Ainsi, la réussite de Joy, que l’on voit trôner dans son bureau en femme d’affaires dans l’épilogue du film, n’a rien à voir avec une quelconque apologie du girl power. Le schéma général du film et le portrait qu’il dresse de son héroïne sont trop conservateurs pour qu’on puisse y déceler le moindre signe d’émancipation. Joy – et c’est là que réside sa profonde originalité au regard de la position actuelle de Jennifer Lawrence à Hollywood et du rôle de Liberté guidant le peuple qu’elle a tenu dans la série des Hunger Games – raconte l’histoire d’une femme entreprenante qui ne veut changer ni le monde, ni même vraiment le sort des ménagères. Car si le Magic Mop permet de gagner du temps (il s’essore tout seul), les femmes n’en continuent pas moins de passer le balai.

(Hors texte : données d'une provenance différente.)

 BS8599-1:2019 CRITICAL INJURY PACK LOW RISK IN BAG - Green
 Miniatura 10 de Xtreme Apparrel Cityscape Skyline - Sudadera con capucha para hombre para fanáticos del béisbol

Ce conservatisme marque une légère régression au regard des blockbusters récents, où l’on a vu les femmes contractualiser leurs relations sexuelles (Dakota Johnson dans Cinquante nuances de Grey) ou s’inventer des destins politiques (Charlize Theron et les épouses affranchies de Mad Max). Le film en est tellement conscient qu’il essaie de se rattraper in extremis en métamorphosant Joy en justicière. Lorsqu’elle vient rappeler à un escroc les clauses d’un contrat commercial, Jennifer Lawrence revêt des habits de guerrière : elle se coupe les cheveux, s’habille de cuir, adopte une dégaine de Calamity Jane. Mais sa transformation, trop lourdement soulignée pour être prise au sérieux, relève presque de la parodie. De même, la compassion exprimée par Joy à l’égard d’un modeste couple de Noirs venu lui proposer un objet susceptible de faire fructifier son entreprise ne suffit pas à faire d’elle une grande démocrate soucieuse du sort des minorités : elle ne peut leur proposer qu’une chambre d’hôtel plus confortable dans un Holiday Inn. Le portrait que dresse Russell voudrait tendre vers un idéal progressiste, mais la métamorphose qu’il décrit ne dépasse jamais le cadre étroit des intérêts économiques, elle n’embrasse aucune cause, elle se niche, au contraire, dans un vieux moule libéral construit autour de valeurs immuables : l’initiative, la persévérance, la créativité commerciale. On peut y voir une limite alors que c’est sans doute l’une des qualités du film : il ne vise pas la parabole, il s’en tient au tracé d’une vie et à la médiocrité relative d’un conte où les citrouilles se transforment seulement en Magic Mops.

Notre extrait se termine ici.